Emilia* D. (14) aus Riehen BS ist ein hübsches, zierliches Mädchen. Die Augen dunkel geschminkt, sitzt es auf der Couch und spielt am Handy herum. Es ist wieder zu Hause bei seiner Mutter. Nachdem vier bewaffnete Polizisten es bei einem eskalierten Einsatz in ein Heim gesteckt haben. Die «Basler Zeitung» hatte über den Fall berichtet.

Am 17. Mai stehen die Fahnder in Zivil vor der Haustüre. Es ist 6.30 Uhr morgens, ein Polizist klopft. Zur gleichen Zeit reisst ein anderer die Fenster-Jalousien der Parterre-Wohnung hoch. Als die Mutter öffnet, stürmen die Beamten in die Wohnung.

«Meine Tochter hatte sich aus Angst im Badezimmer versteckt», sagt Mutter Leonora* D. (55). Emilia: «Schliesslich kam ich heraus und trat einem in die Eier, denn er hatte meine Mutter angerempelt!» Die Polizisten drücken Emilia bäuchlings zu Boden und legen ihr Handschellen an.

Im Pyjama wird sie auf den Polizeiposten geführt. «Dort musste ich mich nackt ausziehen, damit mich eine Polizistin nach Drogen filzen konnte. Ich wurde wie eine Verbrecherin behandelt.» Ihre Mutter ist immer noch geschockt: «Als ich sagte, ich müsse zur Arbeit, wollten sie auch mich in Handschellen legen. Zuvor klingelten die Beamten noch bei allen Nachbarn. Es war sehr demütigend», so die Yogalehrerin. Gegen die 14-Jährige läuft sogar eine Anzeige wegen Gewalt und Drohung gegen Beamte. 

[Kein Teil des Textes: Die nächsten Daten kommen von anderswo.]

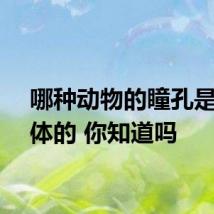 哪种动物的瞳孔是长方体的 你知道吗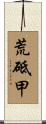 荒砥甲 Scroll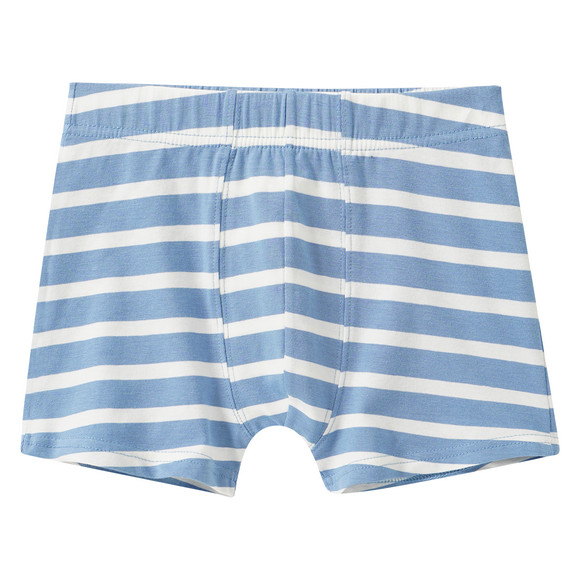 5 Jungen Boxer im Set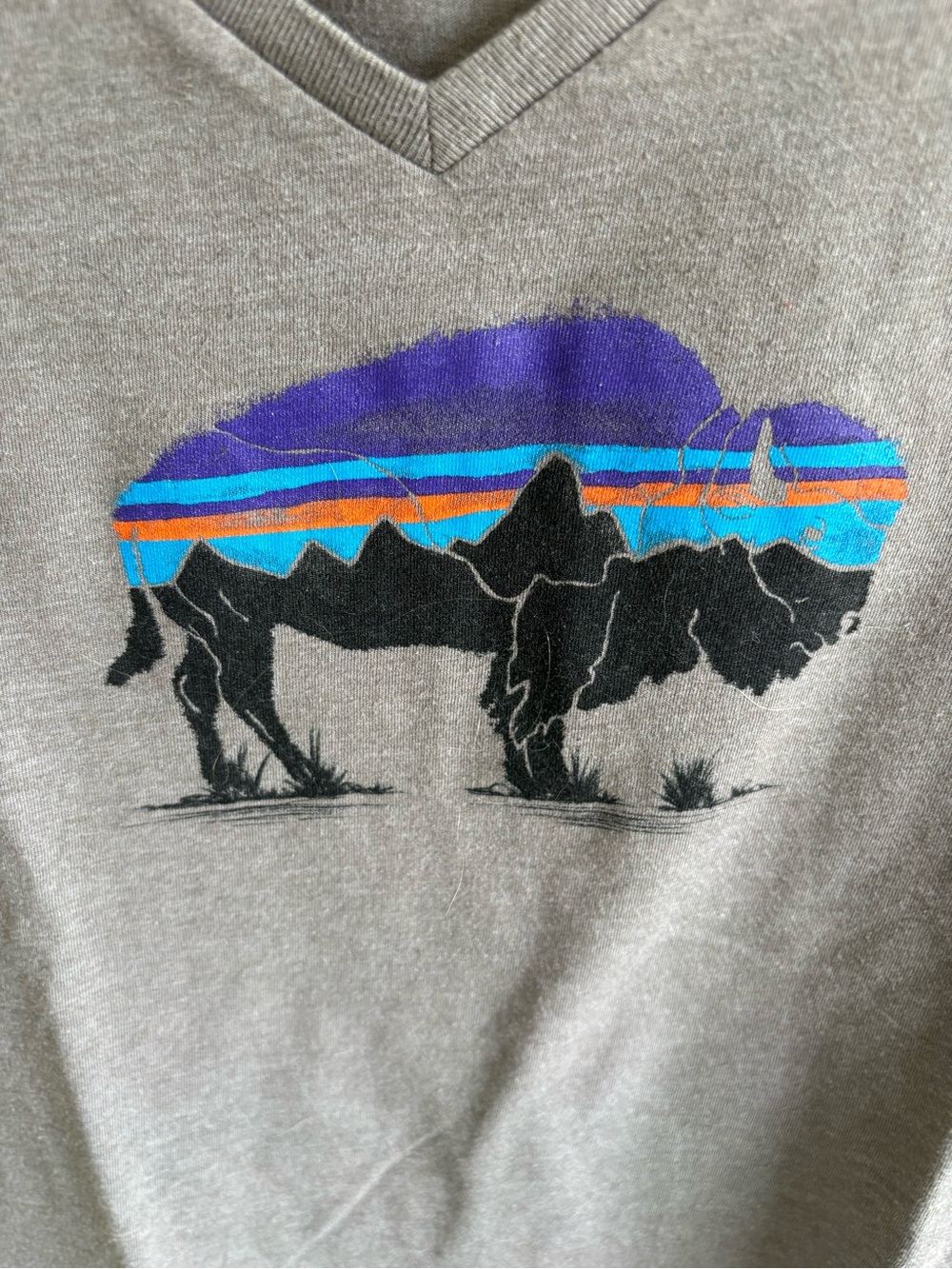 Patagonias Women’s Graphic V-Neck T-shirt - Picture 3 of 4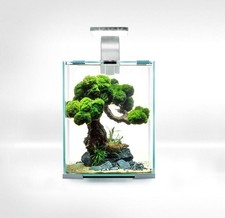 AQUAEL Shrimp Set LED 30L Day&Night Garnelenbecken Aquarium Garnelen 29x29x35cm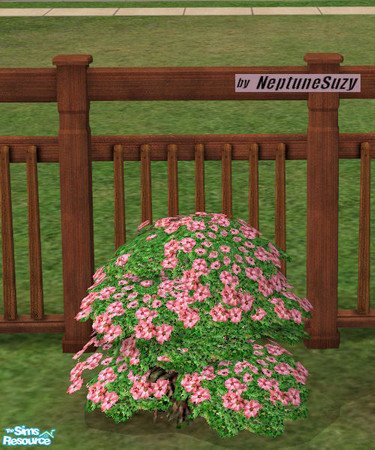 Sims 2 — NSC Plant - Plastic Phlox 7 by Neptunesuzy — Your sims will love this pastel pink colored Plastic Phlox Plant!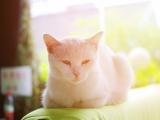 阳光下的白色猫咪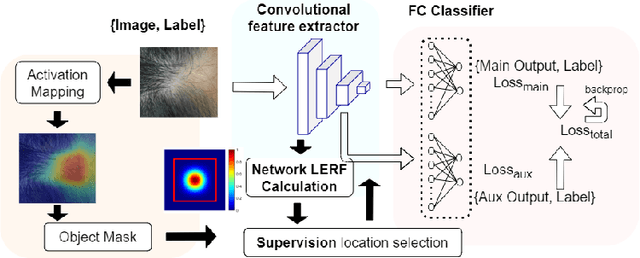 Figure 1 for Data-Driven Deep Supervision for Skin Lesion Classification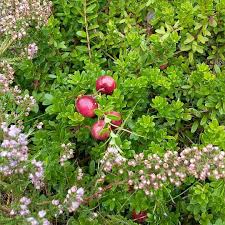 Image result for Vaccinium madagascariense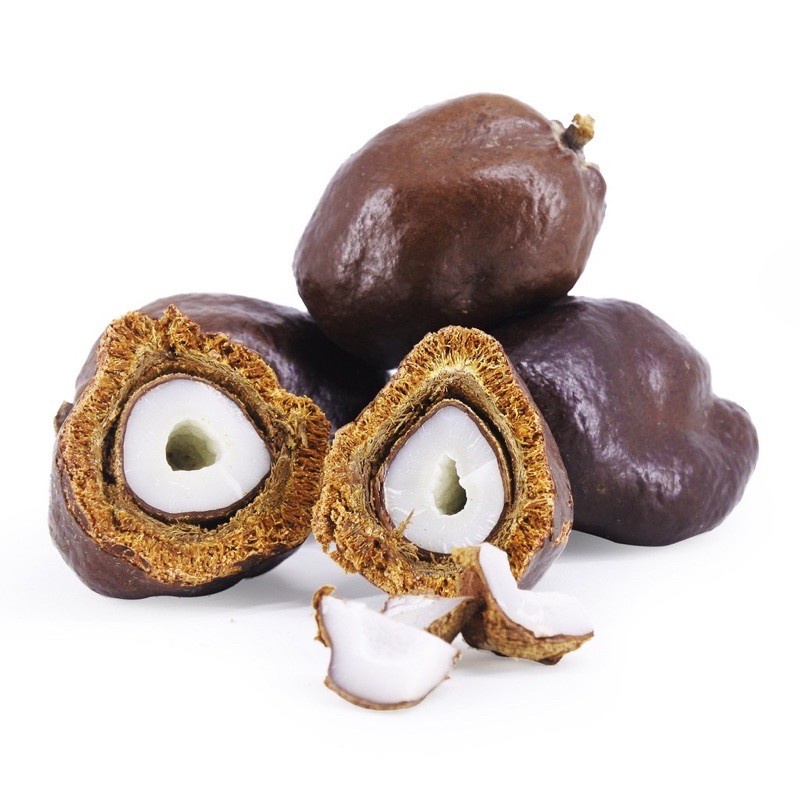 

TEBUS MURAH Buah Zuriat Doum Madinah 1KG Originial Hitam pekat / Penyubur pria wanita promil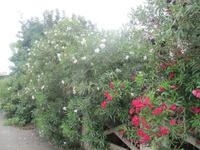 106_Wanderung nach Mdina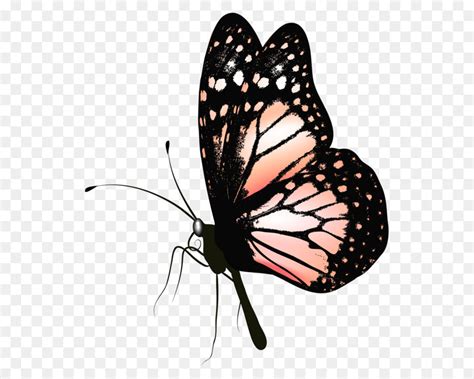 Add text with your own fonts to an (animated) image. Schmetterling clip art - Butterfly PNG Bild-Clipart png ...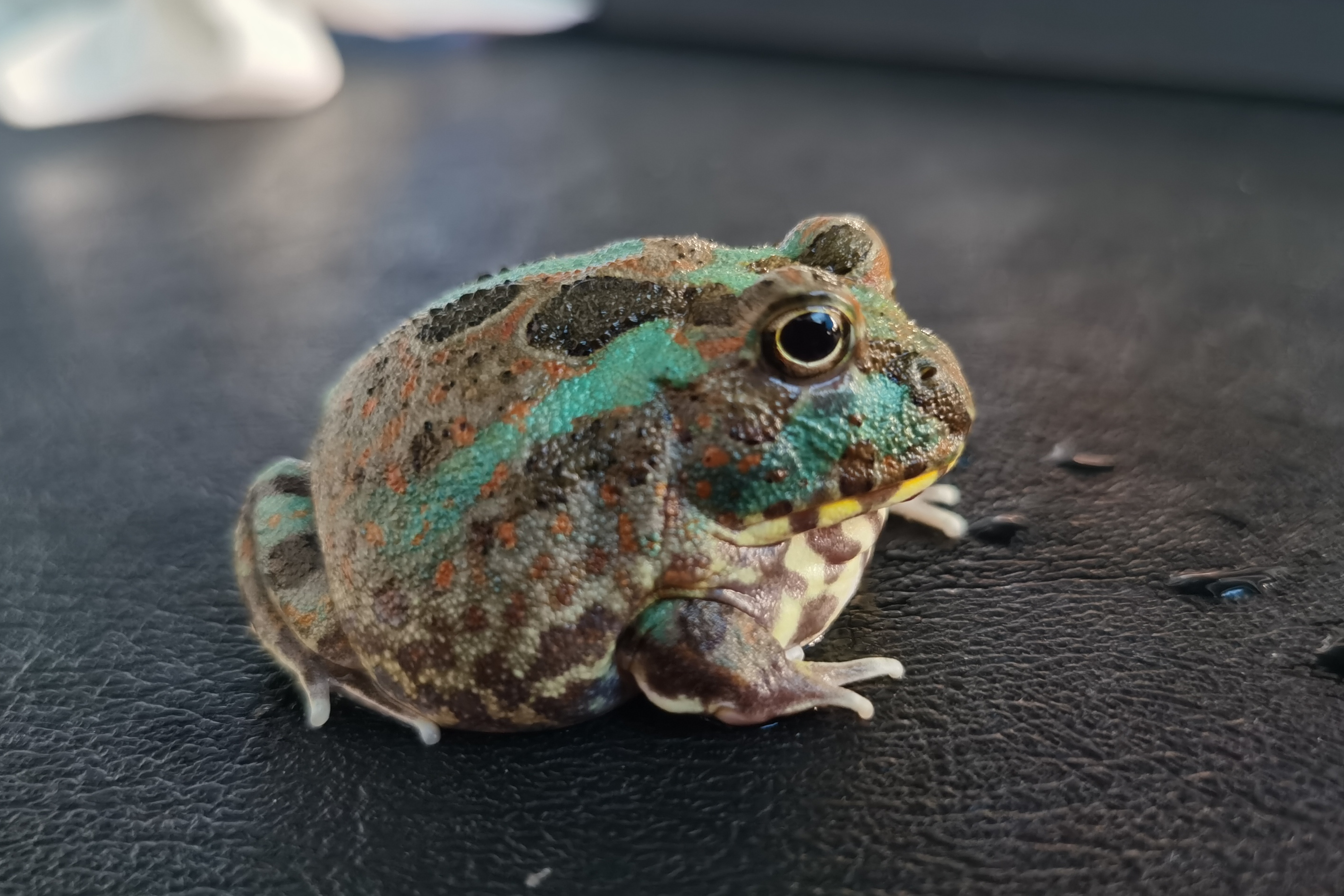 波子角蛙(chacophrys pierottii)是一种分布在南美洲阿根廷丛林中的 a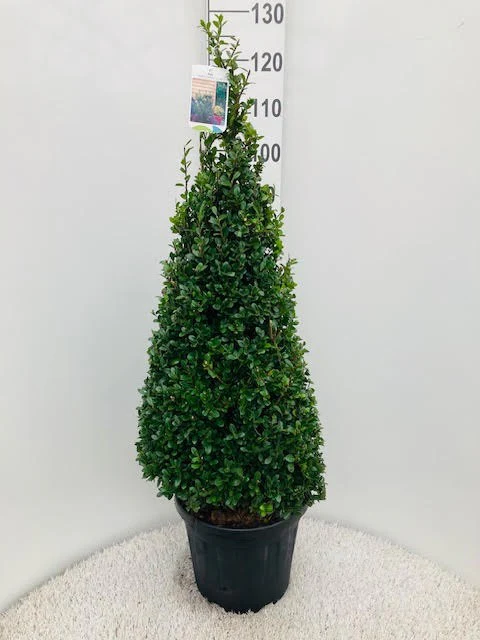 Ilex crenata Caroline Upright / 80-90 CM PYR D12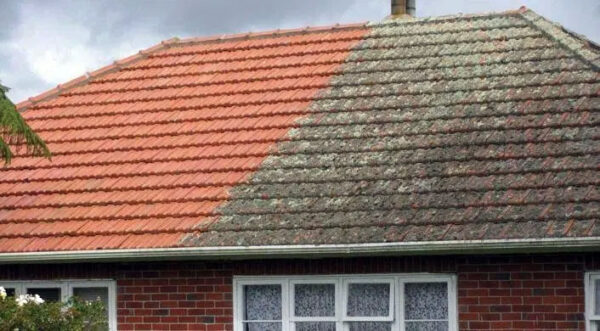 Wet Forget Mould Removal And Cleaning Solutions RoofBros   Roofing Services Clean 600x331 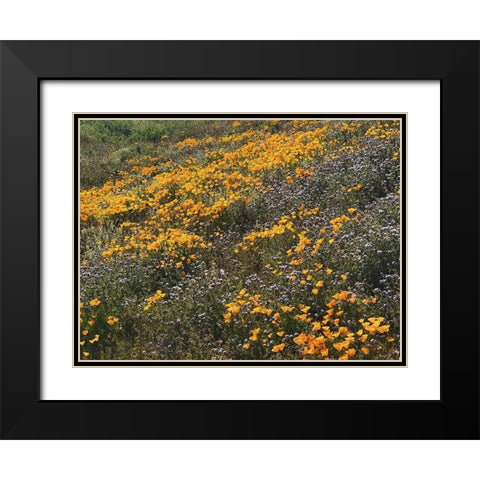 Wildflowers XXVI Black Modern Wood Framed Art Print with Double Matting by Popcorn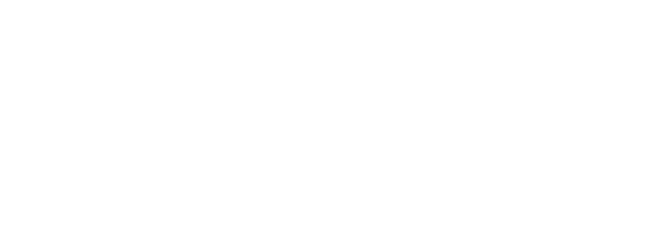 ESS Inc.
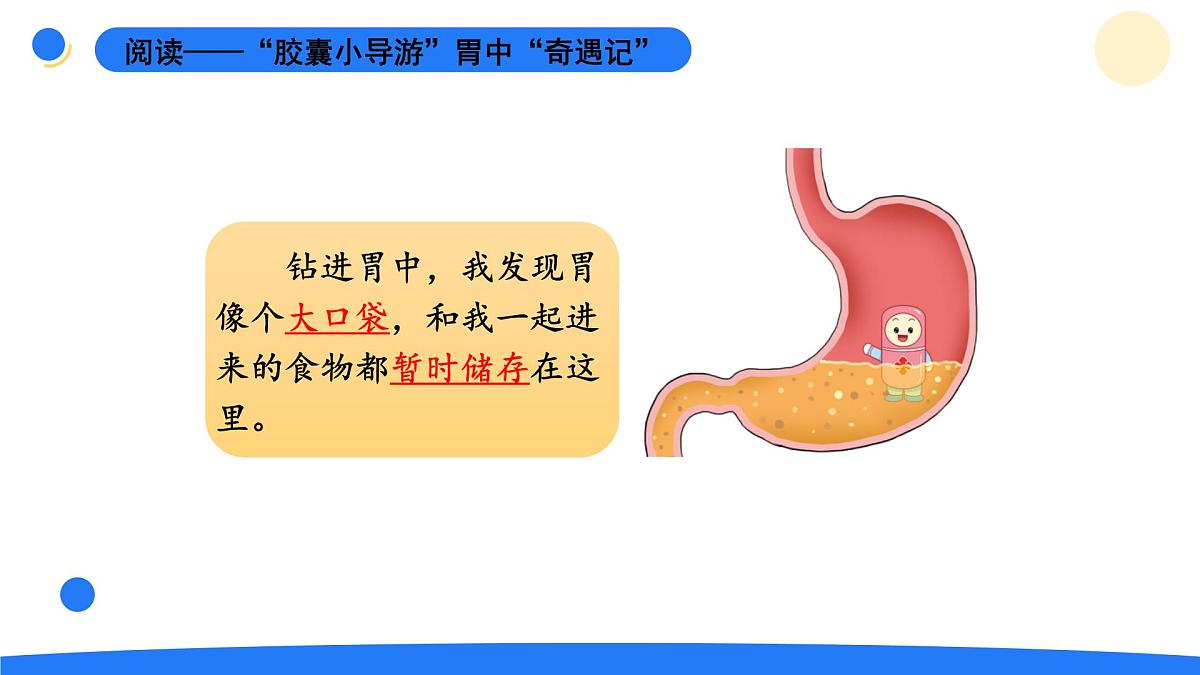 2025年秋大象版四年级科学上册 5.3胃中“奇遇记”(课件)第4页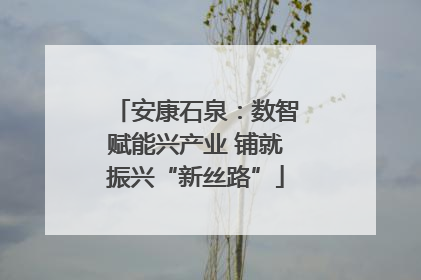 安康石泉：数智赋能兴产业 铺就振兴“新丝路”
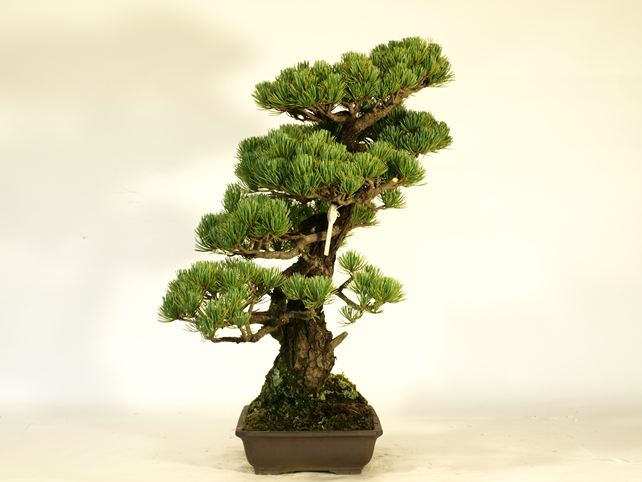 五葉松盆栽 文人 左面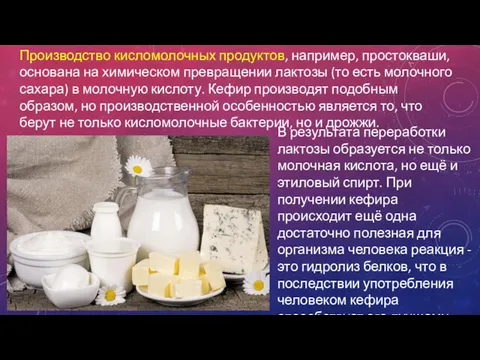 Производство кисломолочных продуктов, например, простокваши, основана на химическом превращении лактозы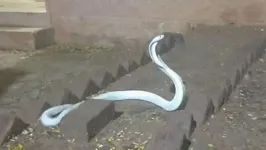 Cobra albina é vista em área residencial em Coimbatore, na Índia.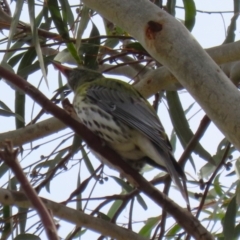 Oriolus sagittatus at Symonston, ACT - 27 Aug 2023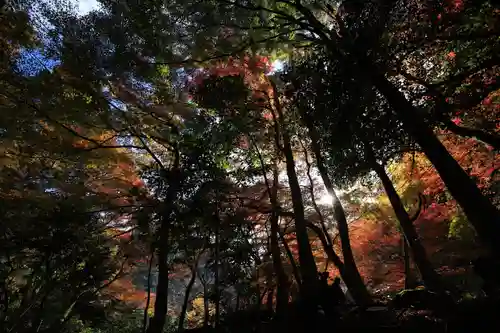 鰐淵寺のその他建物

Massive Probleme in der Schule

Emilias Probleme beginnen im Sommer 2016 als sie in die Sekundarschule wechselt. «Ich habe leider viel Mist gebaut, den Unterricht gestört und musste praktisch jede Stunde draussen vor der Tür verbringen», sagt die 14-Jährige heute selbstkritisch. Eines Tages kommt sie mit einer Cola-Flasche in die Schule, die sie mit Wodka gefüllt hat. Emilias Mutter schüttelt den Kopf: «Ich glaube, sie wollte ihre neuen Schulkameraden beeindrucken. Es war sehr schwierig», sagt sie. Die Schule schmeisst den widerborstigen Teenager raus.

Der Kinder- und Jugenddienst bringt sie in der Durchgangsstation Foyer in Basel unter. Schliesslich wird Emilia von der Beiständin, welche die Kindes- und Erwachsenenschutzbehörde (Kesb) inzwischen eingesetzt hat, in der Beobachtungsstation Basel platziert. Dort gefällt es ihr nicht. Sie haut immer wieder ab. «Das Heim löste 30-mal eine Fahndung aus, um meine Tochter zu suchen», so Leonora D.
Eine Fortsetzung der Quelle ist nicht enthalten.